- **Captioned web image data**:
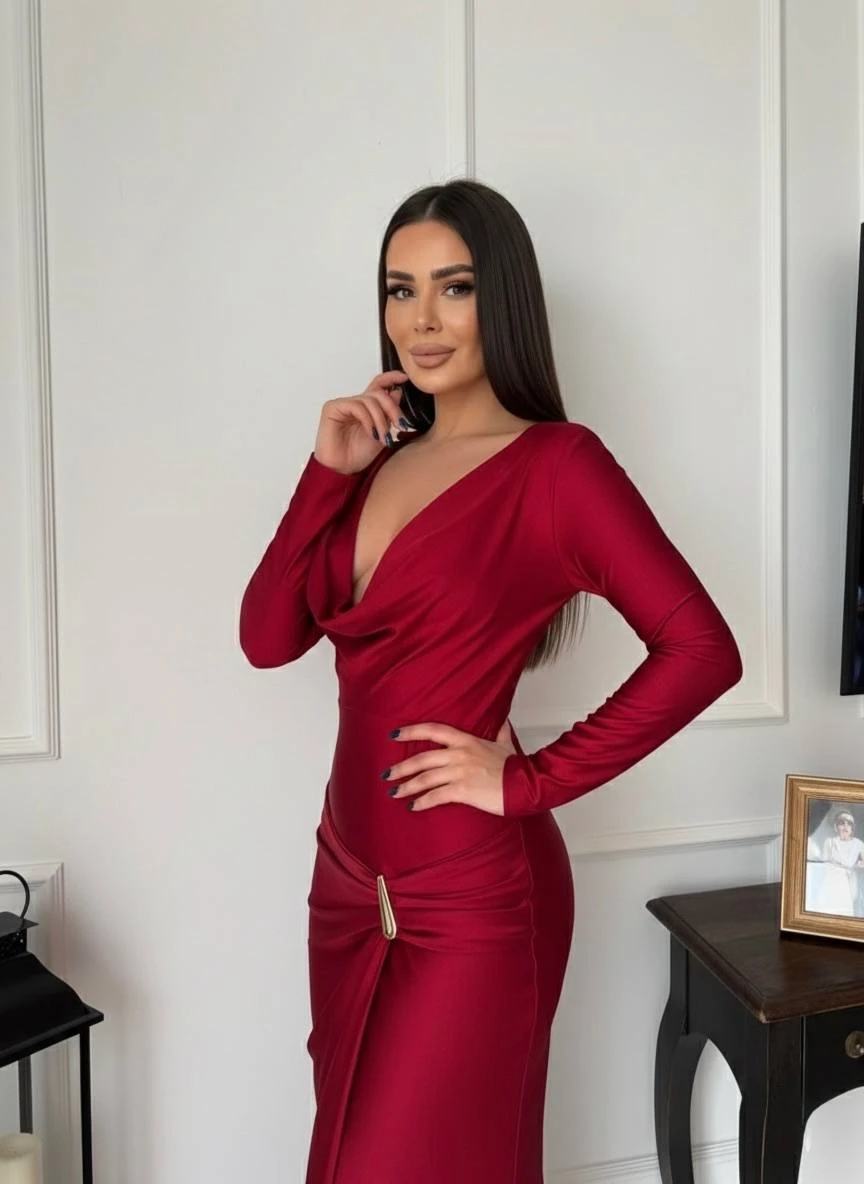 Modal Kumaş Metal Aksesuar Detay Maxi Elbise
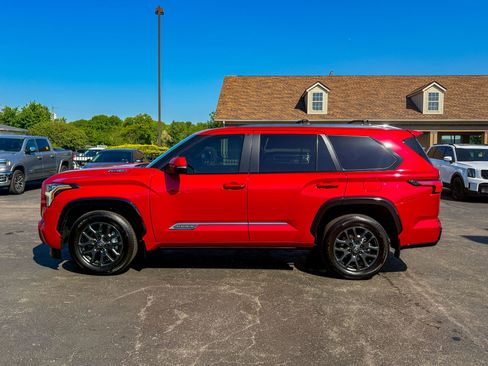 Used 2025 Toyota Sequoia Platinum AWD/4WD image 8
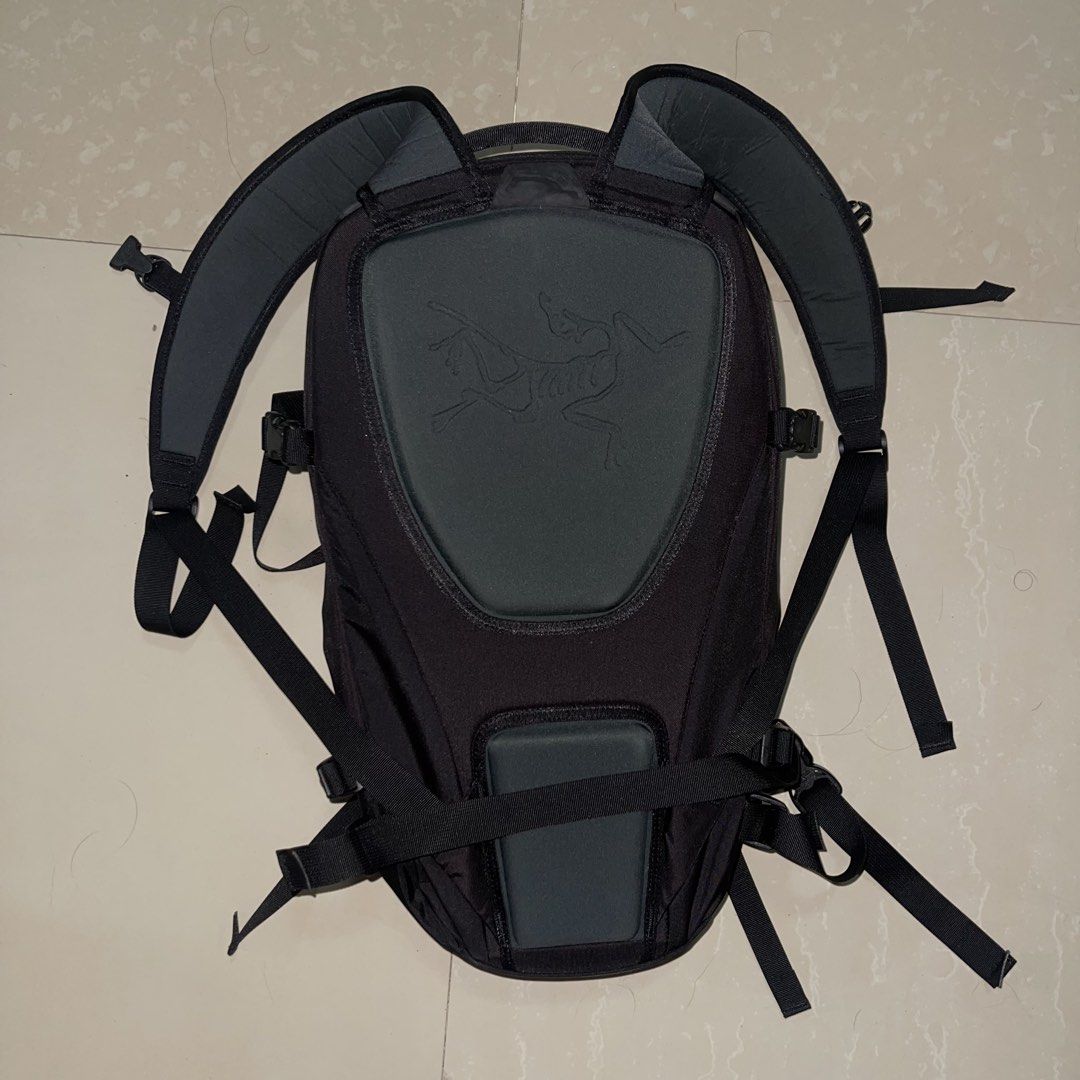 Arc'teryx Silo 18 Backpack Black (Category: Backpacks) located in Caloocan City. Submitted by thestolengoods (Listing ID 1452459456, Image 3). Description: - Arc'teryx Silo 18 Backpack - Color: Black - Made in the Philippines - Material: Nylon shell with polyurethane coating - Ideal for outdoor adventures or daily commutes - Multiple straps for attaching gear.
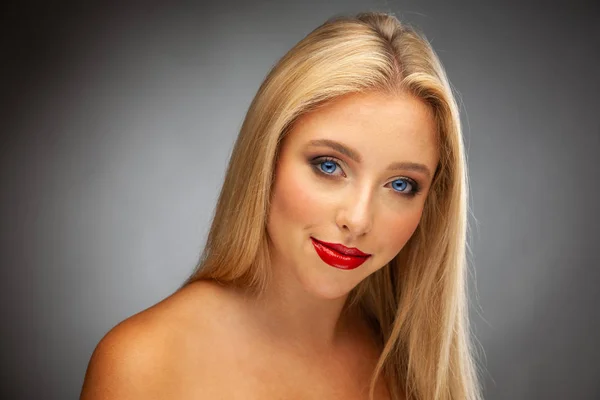 Schönheitsporträt Einer Hinreißenden Jungen Frau Mit Blonden Haaren Und Blauen — Stockfoto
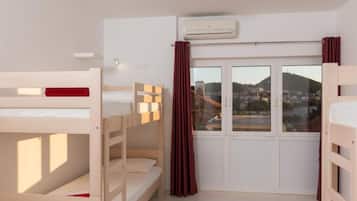 1 chambre, fer et planche Ă repasser, Wi-Fi, draps fournis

- **Required action**: Print the entries above exactly, taking out only the pictures.

- **Solution for this task**:
 Modal Kumaş Metal Aksesuar Detay Maxi Elbise
 Used 2025 Toyota Sequoia Platinum AWD/4WD image 8
 Arc'teryx Silo 18 Backpack Black (Category: Backpacks) located in Caloocan City. Submitted by thestolengoods (Listing ID 1452459456, Image 3). Description: - Arc'teryx Silo 18 Backpack - Color: Black - Made in the Philippines - Material: Nylon shell with polyurethane coating - Ideal for outdoor adventures or daily commutes - Multiple straps for attaching gear.
 Schönheitsporträt Einer Hinreißenden Jungen Frau Mit Blonden Haaren Und Blauen — Stockfoto
 1 chambre, fer et planche Ă repasser, Wi-Fi, draps fournis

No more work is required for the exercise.